TWO years before the next general elections, little progress is evident in the opposition campaign to force reforms needed, they insist, to ensure credible voting with the ruling Zanu PF blissfully ignoring pressure from its bitter rivals.
The main MDC-T opposition party and offshoots led by Welshman Ncube and Tendai Biti have boycotted recent local authority and Parliamentary by-elections to highlight the need for reforms but Zanu PF has gathered up the seats without so much as a thank you.
Towards the end of last year, MDC-T secretary general Douglas Mwonzora, while visiting party structures in the UK, told NewZimbabwe.com that they would, by December 2015, drag the ruling party "kicking and screaming" to the electoral reform table.
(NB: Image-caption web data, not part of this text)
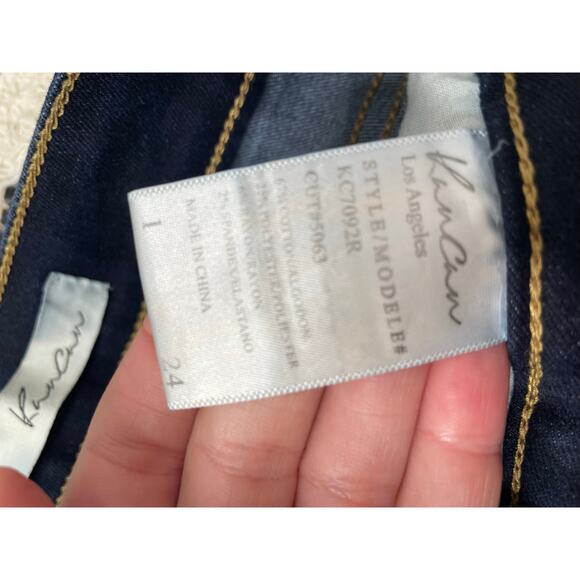 KanCan Style KC7092 Mid Rise Skinny Jeans Size 1/24 Dark Denim Casual - Picture 4 of 6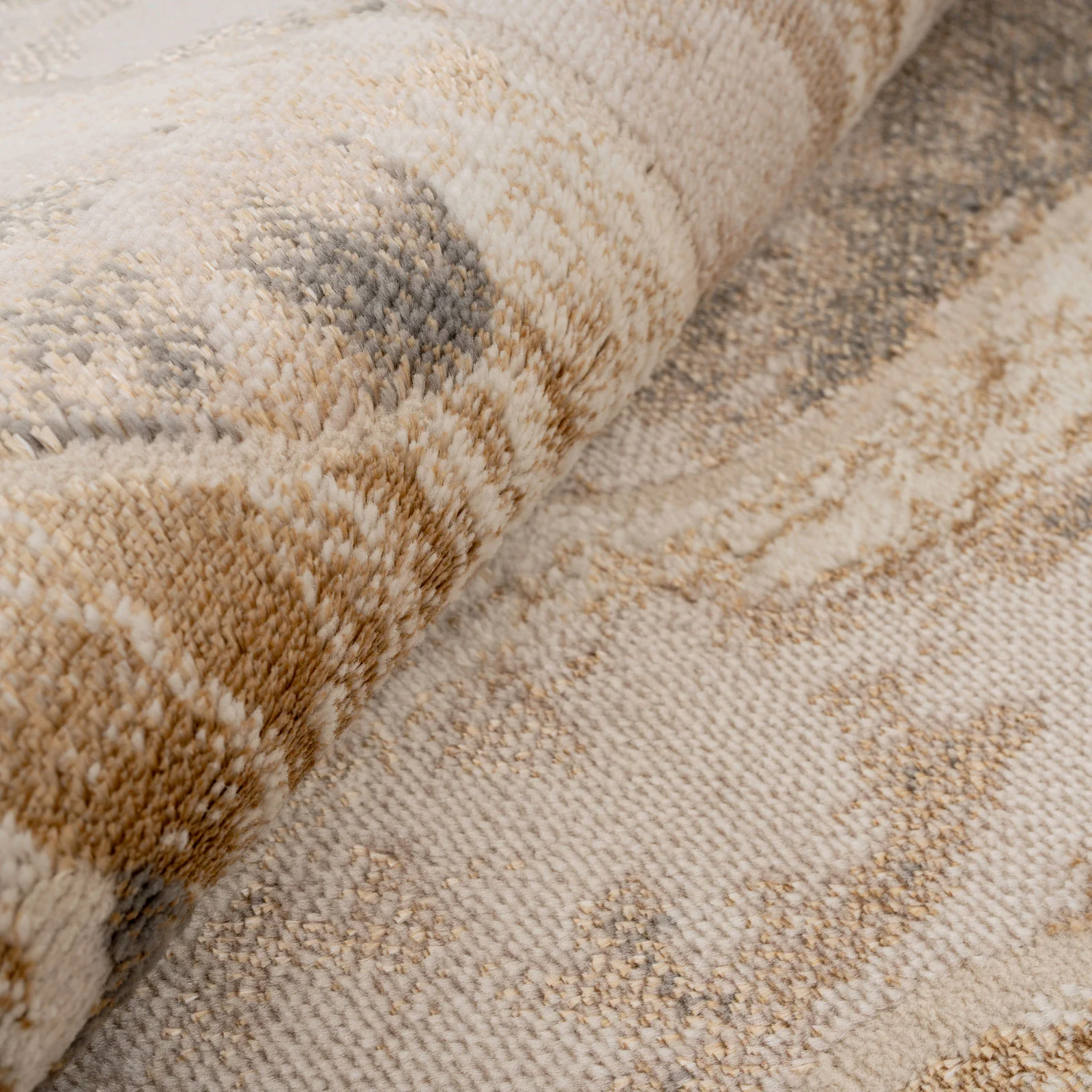 Beige Coral Design Rug - Poema - Image 3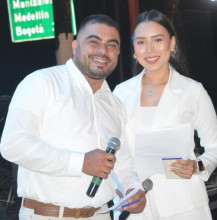 Presentadores: Juan David Galeano y María José Castaño.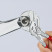 Клещи переставные - гаечный ключ, 40 мм (1 1/2"), L-180 мм, хром, 1-к ручки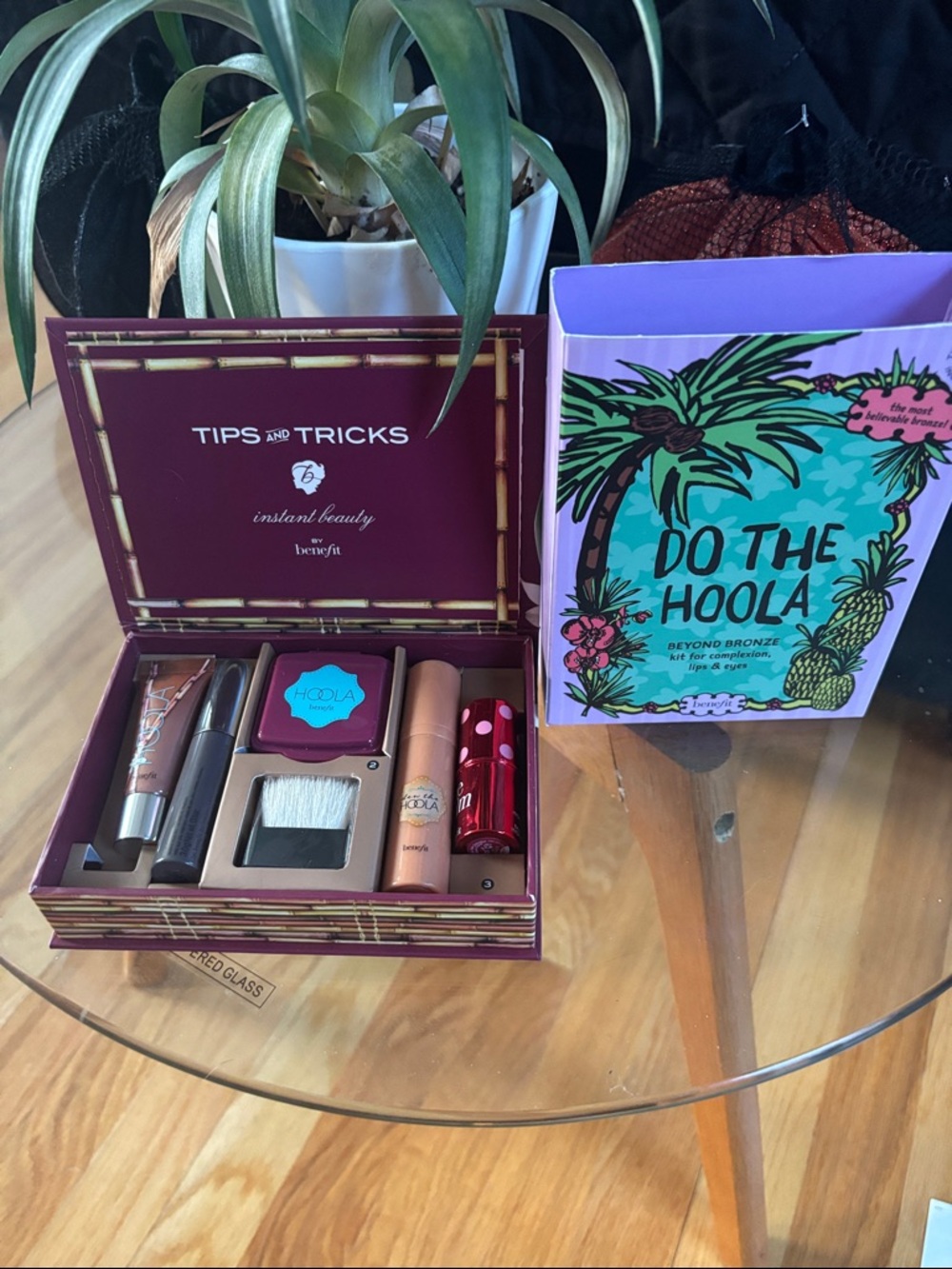Benefit Do The Hoola Bronzing Set - Purple & Teal Packaging
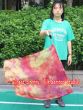 1pc 81cm (32") spinning silk flag poi for Worship & Praise, Copper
But December came, and is gone; Zanu PF is neither screaming nor kicking out but reigning untrammeled while the opposition whines on the margins.
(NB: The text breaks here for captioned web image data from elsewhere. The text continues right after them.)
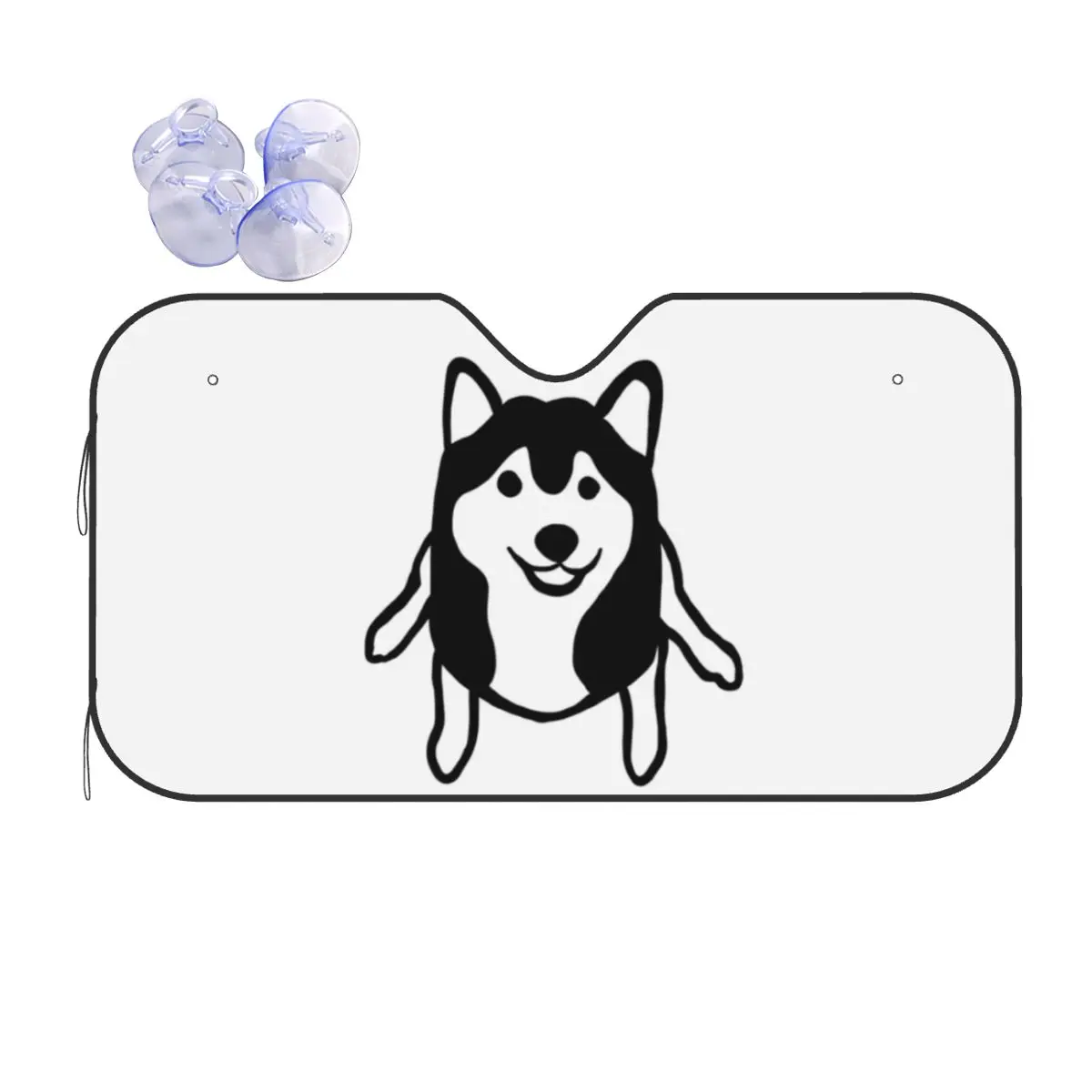 

Солнцезащитный козырек Shiba Inu, лобовое стекло автомобиля, переднее лобовое стекло, солнцезащитный козырек, аксессуары, чехлы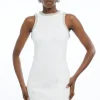 Petite Crystal Embellished Jersey Mini Dress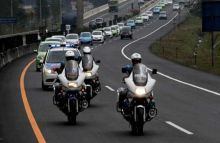 Pengawalan kendaraan oleh Voorijder. Foto: Otorider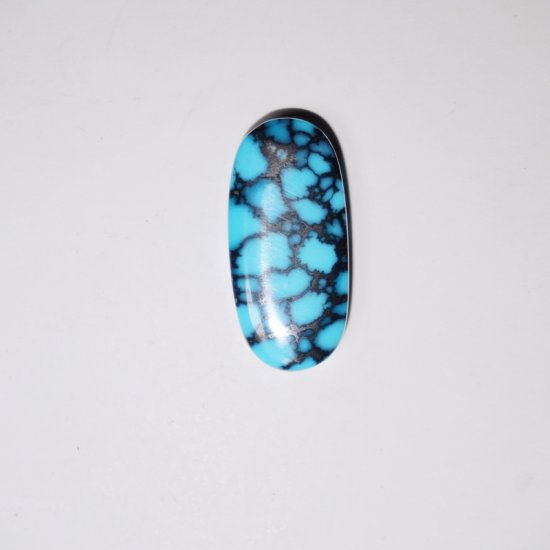 High quality natural blue webbed turquoise cab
"Zanu PF will not be moved by the electoral reform mantra ... and will continue to rule forever," declared vice president Emmerson Mnangagwa.
Presently, the ruling party's only serious bothers come, not from the opposition, but from within its ranks over the matter of its ageing leader who happens to turn 92 next month.
"We have made a huge amount of progress," insisted Mwonzora when asked about his 'kicking and screaming' vow.
"The first and very significant thing we have managed to do is to unite the opposition political parties," Mzonzora told NewZimbabwe.com in a recent interview.
"15 political parties have signed up to the National Electoral Reforms Agenda (NERA), committing to join the fight for electoral reforms including (former vice president Joice) Mujuru's mooted People First."
He added: "Again, and as a result of our pressure, the Zimbabwe Electoral Commission (ZEC) is moving to implement the reforms.
"ZEC has since contracted the United Nations Development Programme (UNDP) to help with voter registration, voter education as well as the capacitation of the electoral agency."
Even so, getting the opposition united and ZEC playing ball is probably the easier part; forcing the Zanu PF-led government to possibly reform itself out of power is another matter altogether.
Mwonzora concedes the difficulty, but says the opposition coalition has other aces up its sleeves.
"Zanu PF is stubborn, arrogant; they have to be forced," he said.
How, we asked.
"We are going to stage protests to for the government to implement the changes needed for our elections to be credible," said Mwonzora.
"And for the first time, we are also going to see political parties which subscribe to the NERA programme going on a diplomatic offensive to seek support in SADC and across the continent."
However, African leaders have generally been reluctant to press President Robert Mugabe who is widely respected on the continent as a liberation icon and strong voice against western hegemony.
But Zimbabwe's decade-long economic crisis has also affected the region with probably a million of its citizens streaming across the borders into Botswana and South Africa where they are often blamed for crime and accused of taking jobs and housing from locals.
"We are going to sensitive the region and Africa that credible elections are the only way to resolve Zimbabwe's crisis," vowed Mwonzora.
"Already, we have had a positive response from the president of Botswana who is also current chair of SADC."